* **Task goal**
Please give back word for word the lines of the material below between the line containing "Bentley Continental Image 18" and the line containing "Blaulicht auf dem", inclusive.

* **Given data**
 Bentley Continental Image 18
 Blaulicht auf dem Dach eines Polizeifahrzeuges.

---

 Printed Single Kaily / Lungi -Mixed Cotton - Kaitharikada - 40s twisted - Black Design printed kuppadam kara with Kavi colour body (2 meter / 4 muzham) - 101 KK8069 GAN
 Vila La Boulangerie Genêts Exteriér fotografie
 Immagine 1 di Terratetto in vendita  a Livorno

---

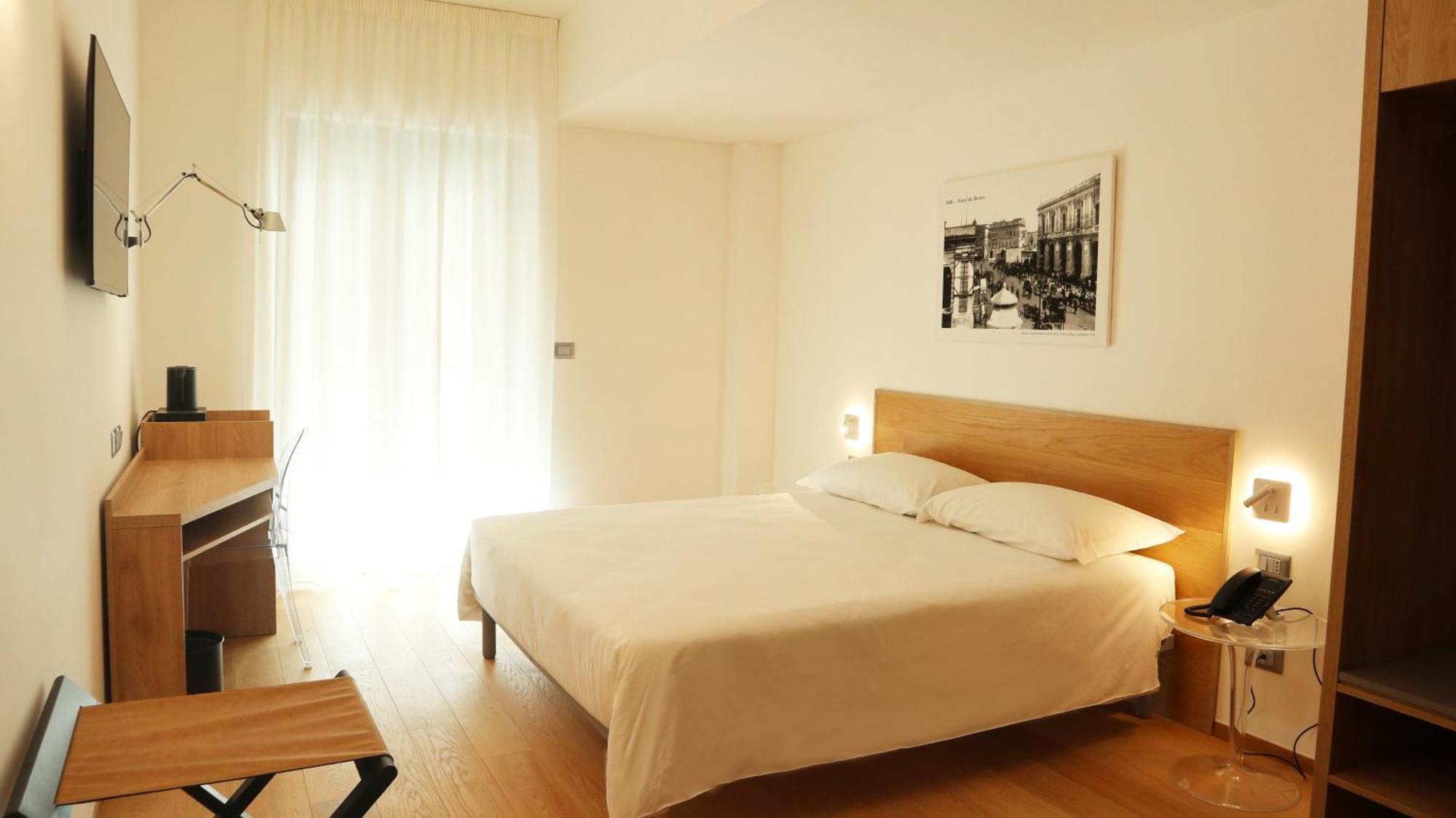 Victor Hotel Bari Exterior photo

* **Response area**
 Bentley Continental Image 18
 Blaulicht auf dem Dach eines Polizeifahrzeuges.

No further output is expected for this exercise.